**Problem to solve**. There is material below. Print exactly the lines starting at the line with "Уменьшенная копия" and ending at the line with "С днем рождения, племянница!", ends included, and no others.

**Data extracts**.
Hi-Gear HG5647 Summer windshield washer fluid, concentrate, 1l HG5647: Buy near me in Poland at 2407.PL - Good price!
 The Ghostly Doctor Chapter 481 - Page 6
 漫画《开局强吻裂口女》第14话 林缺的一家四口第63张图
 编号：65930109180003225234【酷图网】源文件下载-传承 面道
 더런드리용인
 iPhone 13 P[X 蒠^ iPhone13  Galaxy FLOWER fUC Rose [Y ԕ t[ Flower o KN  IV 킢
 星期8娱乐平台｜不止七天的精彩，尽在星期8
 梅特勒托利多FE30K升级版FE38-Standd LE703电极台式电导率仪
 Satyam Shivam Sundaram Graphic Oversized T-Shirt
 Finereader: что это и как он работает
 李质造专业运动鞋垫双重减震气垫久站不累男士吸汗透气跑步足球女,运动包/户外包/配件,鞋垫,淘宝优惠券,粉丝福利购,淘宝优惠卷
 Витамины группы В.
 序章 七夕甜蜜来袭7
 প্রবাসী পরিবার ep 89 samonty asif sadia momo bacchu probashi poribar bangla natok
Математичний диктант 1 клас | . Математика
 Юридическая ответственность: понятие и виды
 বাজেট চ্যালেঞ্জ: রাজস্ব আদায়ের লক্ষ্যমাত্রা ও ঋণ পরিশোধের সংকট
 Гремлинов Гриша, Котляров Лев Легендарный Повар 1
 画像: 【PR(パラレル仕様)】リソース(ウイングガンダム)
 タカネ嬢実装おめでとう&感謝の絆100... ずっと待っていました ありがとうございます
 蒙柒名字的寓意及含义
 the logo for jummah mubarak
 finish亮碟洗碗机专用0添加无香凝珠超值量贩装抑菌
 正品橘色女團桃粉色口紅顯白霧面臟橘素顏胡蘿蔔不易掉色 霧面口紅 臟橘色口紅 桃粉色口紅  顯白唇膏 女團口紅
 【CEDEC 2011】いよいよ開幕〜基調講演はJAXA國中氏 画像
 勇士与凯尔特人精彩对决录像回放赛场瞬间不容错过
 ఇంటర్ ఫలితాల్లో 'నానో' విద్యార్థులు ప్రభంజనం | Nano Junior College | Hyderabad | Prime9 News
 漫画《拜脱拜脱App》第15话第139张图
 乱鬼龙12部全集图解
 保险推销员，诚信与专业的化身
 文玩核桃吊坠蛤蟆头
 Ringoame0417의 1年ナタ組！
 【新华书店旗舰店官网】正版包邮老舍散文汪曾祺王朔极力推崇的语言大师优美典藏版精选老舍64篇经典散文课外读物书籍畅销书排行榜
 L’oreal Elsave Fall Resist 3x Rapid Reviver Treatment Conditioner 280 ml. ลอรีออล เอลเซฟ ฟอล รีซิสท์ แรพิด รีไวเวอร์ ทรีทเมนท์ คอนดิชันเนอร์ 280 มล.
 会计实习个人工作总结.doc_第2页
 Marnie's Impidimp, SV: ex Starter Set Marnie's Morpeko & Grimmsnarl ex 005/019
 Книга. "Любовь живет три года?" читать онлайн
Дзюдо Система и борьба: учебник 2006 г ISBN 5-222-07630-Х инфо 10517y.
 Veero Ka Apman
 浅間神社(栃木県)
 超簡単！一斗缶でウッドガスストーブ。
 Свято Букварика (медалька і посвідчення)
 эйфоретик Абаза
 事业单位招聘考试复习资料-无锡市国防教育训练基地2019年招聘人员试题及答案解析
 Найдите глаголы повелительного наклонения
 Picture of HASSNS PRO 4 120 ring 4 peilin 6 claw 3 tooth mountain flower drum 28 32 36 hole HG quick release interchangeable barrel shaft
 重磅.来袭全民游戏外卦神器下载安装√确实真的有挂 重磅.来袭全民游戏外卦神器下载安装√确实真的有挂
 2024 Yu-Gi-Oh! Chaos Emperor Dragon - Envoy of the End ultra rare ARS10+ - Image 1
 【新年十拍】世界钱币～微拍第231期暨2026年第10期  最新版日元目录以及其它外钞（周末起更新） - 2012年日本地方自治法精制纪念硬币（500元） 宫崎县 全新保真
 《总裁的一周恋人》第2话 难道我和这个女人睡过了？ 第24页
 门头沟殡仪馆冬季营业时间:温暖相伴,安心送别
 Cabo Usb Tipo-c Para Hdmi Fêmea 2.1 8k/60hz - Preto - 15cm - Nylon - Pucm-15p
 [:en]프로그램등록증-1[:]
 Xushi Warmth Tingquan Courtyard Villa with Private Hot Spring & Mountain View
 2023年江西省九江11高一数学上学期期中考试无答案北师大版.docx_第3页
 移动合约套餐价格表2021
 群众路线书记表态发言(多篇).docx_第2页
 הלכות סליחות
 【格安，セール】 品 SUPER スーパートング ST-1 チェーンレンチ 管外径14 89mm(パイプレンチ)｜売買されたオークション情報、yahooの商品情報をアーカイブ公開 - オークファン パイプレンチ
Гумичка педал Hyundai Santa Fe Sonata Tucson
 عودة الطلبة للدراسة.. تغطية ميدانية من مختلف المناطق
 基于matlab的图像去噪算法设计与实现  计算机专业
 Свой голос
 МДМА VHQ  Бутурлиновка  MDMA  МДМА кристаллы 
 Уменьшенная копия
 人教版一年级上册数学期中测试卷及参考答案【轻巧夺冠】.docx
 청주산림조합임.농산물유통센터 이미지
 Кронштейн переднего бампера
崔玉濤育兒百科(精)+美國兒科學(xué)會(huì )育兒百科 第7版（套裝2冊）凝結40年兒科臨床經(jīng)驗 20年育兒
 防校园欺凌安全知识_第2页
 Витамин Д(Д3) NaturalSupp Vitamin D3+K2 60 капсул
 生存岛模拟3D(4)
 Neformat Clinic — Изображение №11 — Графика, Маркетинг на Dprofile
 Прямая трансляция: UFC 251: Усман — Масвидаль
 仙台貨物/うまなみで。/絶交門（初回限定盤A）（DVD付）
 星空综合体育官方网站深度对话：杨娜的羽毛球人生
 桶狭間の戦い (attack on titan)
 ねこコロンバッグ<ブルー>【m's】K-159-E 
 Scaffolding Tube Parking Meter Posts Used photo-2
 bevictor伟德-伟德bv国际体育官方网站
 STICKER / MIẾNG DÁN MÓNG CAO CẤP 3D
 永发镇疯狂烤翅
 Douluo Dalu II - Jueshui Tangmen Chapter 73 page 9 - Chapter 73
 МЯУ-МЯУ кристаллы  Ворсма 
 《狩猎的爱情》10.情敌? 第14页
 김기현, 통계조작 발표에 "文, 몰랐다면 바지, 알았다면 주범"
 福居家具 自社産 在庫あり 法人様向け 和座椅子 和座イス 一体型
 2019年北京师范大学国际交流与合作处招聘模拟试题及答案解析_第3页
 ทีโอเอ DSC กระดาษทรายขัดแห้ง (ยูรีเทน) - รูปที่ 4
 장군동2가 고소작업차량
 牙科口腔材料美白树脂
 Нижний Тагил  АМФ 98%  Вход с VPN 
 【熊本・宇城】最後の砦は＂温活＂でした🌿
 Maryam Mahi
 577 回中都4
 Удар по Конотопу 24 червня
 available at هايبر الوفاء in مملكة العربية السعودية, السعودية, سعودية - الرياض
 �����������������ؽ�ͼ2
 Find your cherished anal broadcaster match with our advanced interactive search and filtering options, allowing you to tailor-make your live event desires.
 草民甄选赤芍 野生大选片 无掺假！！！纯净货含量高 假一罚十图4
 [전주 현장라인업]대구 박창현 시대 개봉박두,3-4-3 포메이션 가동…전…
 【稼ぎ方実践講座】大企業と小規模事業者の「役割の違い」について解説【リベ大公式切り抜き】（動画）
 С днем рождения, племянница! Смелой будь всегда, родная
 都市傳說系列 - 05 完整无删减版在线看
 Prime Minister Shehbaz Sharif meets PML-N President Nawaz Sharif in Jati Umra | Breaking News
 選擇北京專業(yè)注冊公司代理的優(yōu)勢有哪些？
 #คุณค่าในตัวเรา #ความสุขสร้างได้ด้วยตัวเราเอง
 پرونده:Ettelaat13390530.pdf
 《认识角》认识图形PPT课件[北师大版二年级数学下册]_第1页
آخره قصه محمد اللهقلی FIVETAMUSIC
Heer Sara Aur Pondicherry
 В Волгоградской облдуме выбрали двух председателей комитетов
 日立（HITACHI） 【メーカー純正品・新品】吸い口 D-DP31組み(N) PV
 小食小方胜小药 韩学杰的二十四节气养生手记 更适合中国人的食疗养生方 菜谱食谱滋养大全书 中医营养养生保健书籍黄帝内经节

**Exercise solution**.
 Уменьшенная копия
 人教版一年级上册数学期中测试卷及参考答案【轻巧夺冠】.docx
 청주산림조합임.농산물유통센터 이미지
 Кронштейн переднего бампера
崔玉濤育兒百科(精)+美國兒科學(xué)會(huì )育兒百科 第7版（套裝2冊）凝結40年兒科臨床經(jīng)驗 20年育兒
 防校园欺凌安全知识_第2页
 Витамин Д(Д3) NaturalSupp Vitamin D3+K2 60 капсул
 生存岛模拟3D(4)
 Neformat Clinic — Изображение №11 — Графика, Маркетинг на Dprofile
 Прямая трансляция: UFC 251: Усман — Масвидаль
 仙台貨物/うまなみで。/絶交門（初回限定盤A）（DVD付）
 星空综合体育官方网站深度对话：杨娜的羽毛球人生
 桶狭間の戦い (attack on titan)
 ねこコロンバッグ<ブルー>【m's】K-159-E 
 Scaffolding Tube Parking Meter Posts Used photo-2
 bevictor伟德-伟德bv国际体育官方网站
 STICKER / MIẾNG DÁN MÓNG CAO CẤP 3D
 永发镇疯狂烤翅
 Douluo Dalu II - Jueshui Tangmen Chapter 73 page 9 - Chapter 73
 МЯУ-МЯУ кристаллы  Ворсма 
 《狩猎的爱情》10.情敌? 第14页
 김기현, 통계조작 발표에 "文, 몰랐다면 바지, 알았다면 주범"
 福居家具 自社産 在庫あり 法人様向け 和座椅子 和座イス 一体型
 2019年北京师范大学国际交流与合作处招聘模拟试题及答案解析_第3页
 ทีโอเอ DSC กระดาษทรายขัดแห้ง (ยูรีเทน) - รูปที่ 4
 장군동2가 고소작업차량
 牙科口腔材料美白树脂
 Нижний Тагил  АМФ 98%  Вход с VPN 
 【熊本・宇城】最後の砦は＂温活＂でした🌿
 Maryam Mahi
 577 回中都4
 Удар по Конотопу 24 червня
 available at هايبر الوفاء in مملكة العربية السعودية, السعودية, سعودية - الرياض
 �����������������ؽ�ͼ2
 Find your cherished anal broadcaster match with our advanced interactive search and filtering options, allowing you to tailor-make your live event desires.
 草民甄选赤芍 野生大选片 无掺假！！！纯净货含量高 假一罚十图4
 [전주 현장라인업]대구 박창현 시대 개봉박두,3-4-3 포메이션 가동…전…
 【稼ぎ方実践講座】大企業と小規模事業者の「役割の違い」について解説【リベ大公式切り抜き】（動画）
 С днем рождения, племянница! Смелой будь всегда, родная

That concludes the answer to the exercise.